SGI invented lots of cool stuff to do this.
One of the new things was the CPOP connector. This connector was made up of many fuzzy little pads. The fuzzy pads would be compressed together and allow for a much higher frequency connection than normally would be allowed with gold pins.
The problem with delicate things like this is that they are far more sensitive to installation mistakes. Each connector needed to be torqued down to the right pressure so that the signals made it across cleanly. Install them too loosely and you’re going to see connectivity errors.
So cut to one of our advanced training courses where we taught field engineers how to replace boards. The instructor explained how each HEX head screw on the CPU cards needs to be torqued down to an exact specification. This is where one of the helpful field guys, who had clearly done this before, piped up and explained that you know the boards are properly seated when you tighten the HEX screw down and hear three “clicks.”

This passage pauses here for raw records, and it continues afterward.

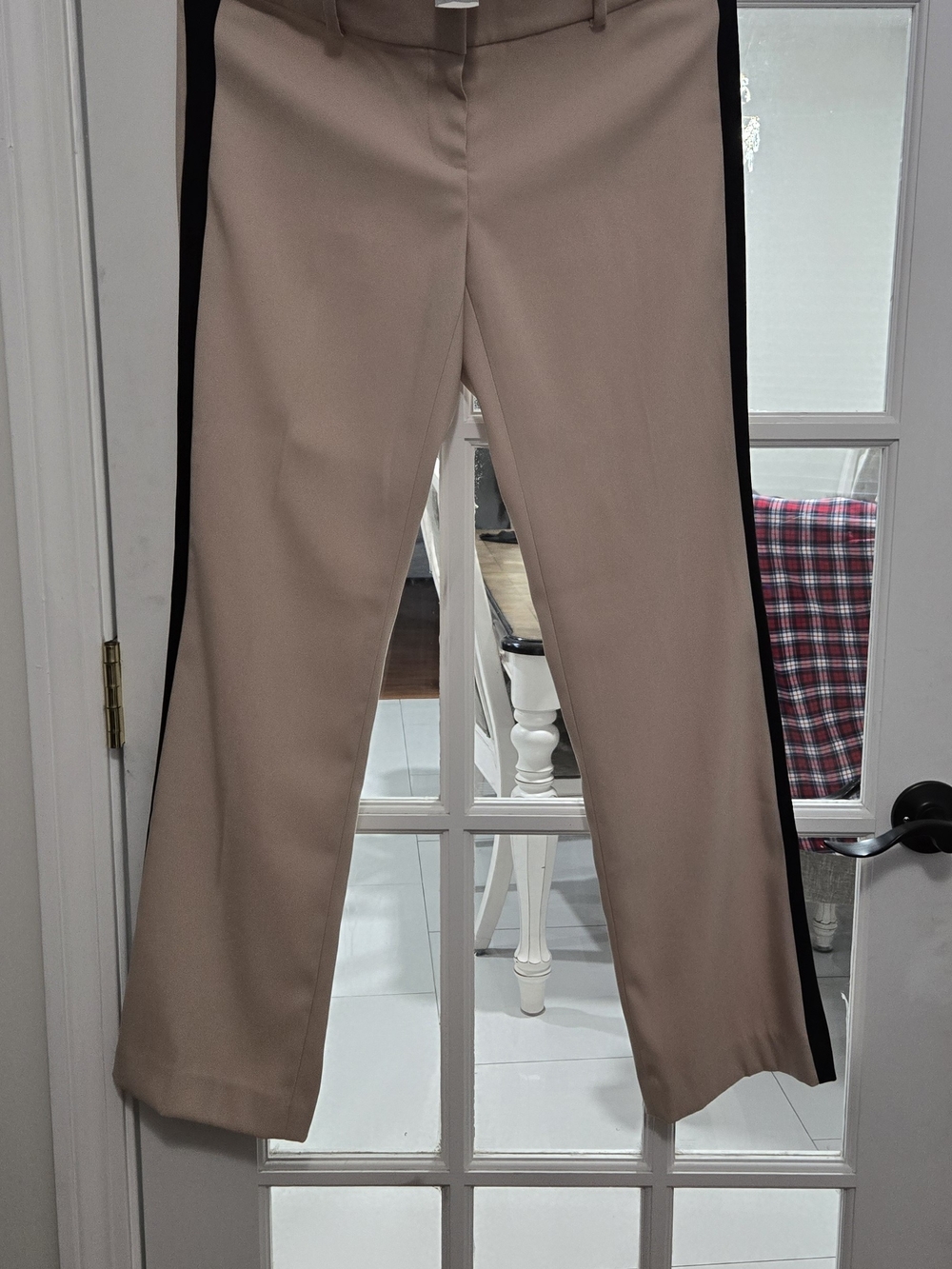 Ann Taylor Beige Trousers with Black Side Stripe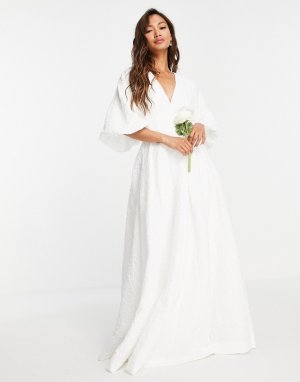 Свадебное платье с фактурным цветочным узором и плиссировкой на талии Winnie-Белый ASOS EDITION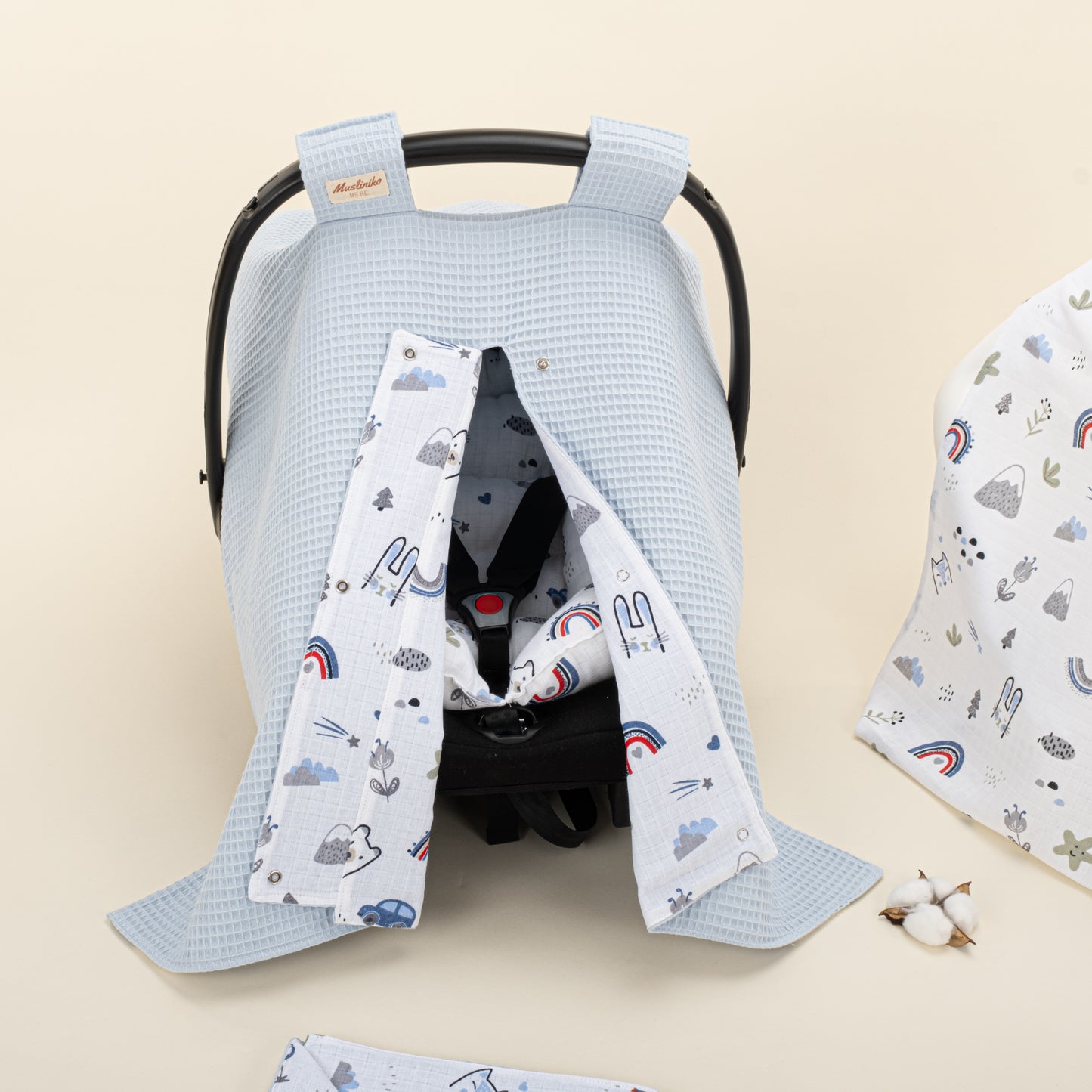 9 Parça Avantajlı Set - Çift Taraflı - Bebe Mavi Petek - Mavi Kedi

The instructor and I looked at each other. We didn’t remember there being three clicks. We normally used torque drivers to accurately measure the torque and there were never any clicks.
After some investigation and a quick examination of the board our helpful field guy had just installed, we discovered the source of the “three clicks.” They were the sound of the very expensive backplane cracking as the HEX screw penetrated the various layers of plastic…. OUCH.
From that point on, correct torque drivers were provided to all field personnel.